[Opening Extracted information section]

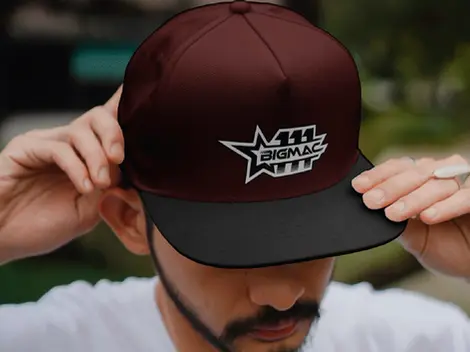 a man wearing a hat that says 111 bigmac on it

[Closing Extracted information section]
[Opening Extracted information section]

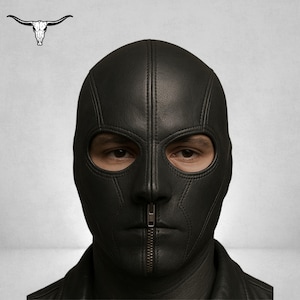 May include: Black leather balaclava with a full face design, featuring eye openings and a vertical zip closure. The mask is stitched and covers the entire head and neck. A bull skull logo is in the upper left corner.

[Closing Extracted information section]
[Opening Extracted information section]

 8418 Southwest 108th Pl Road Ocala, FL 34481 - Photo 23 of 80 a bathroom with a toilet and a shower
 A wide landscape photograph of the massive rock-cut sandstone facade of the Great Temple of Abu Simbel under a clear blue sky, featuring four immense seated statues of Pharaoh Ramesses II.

[Closing Extracted information section]

# What you have to do
Return only the stretch of the material above from the line holding "8418 Southwest 108th" through the line holding "A wide landscape", copied exactly.

# Answer area
 8418 Southwest 108th Pl Road Ocala, FL 34481 - Photo 23 of 80 a bathroom with a toilet and a shower
 A wide landscape photograph of the massive rock-cut sandstone facade of the Great Temple of Abu Simbel under a clear blue sky, featuring four immense seated statues of Pharaoh Ramesses II.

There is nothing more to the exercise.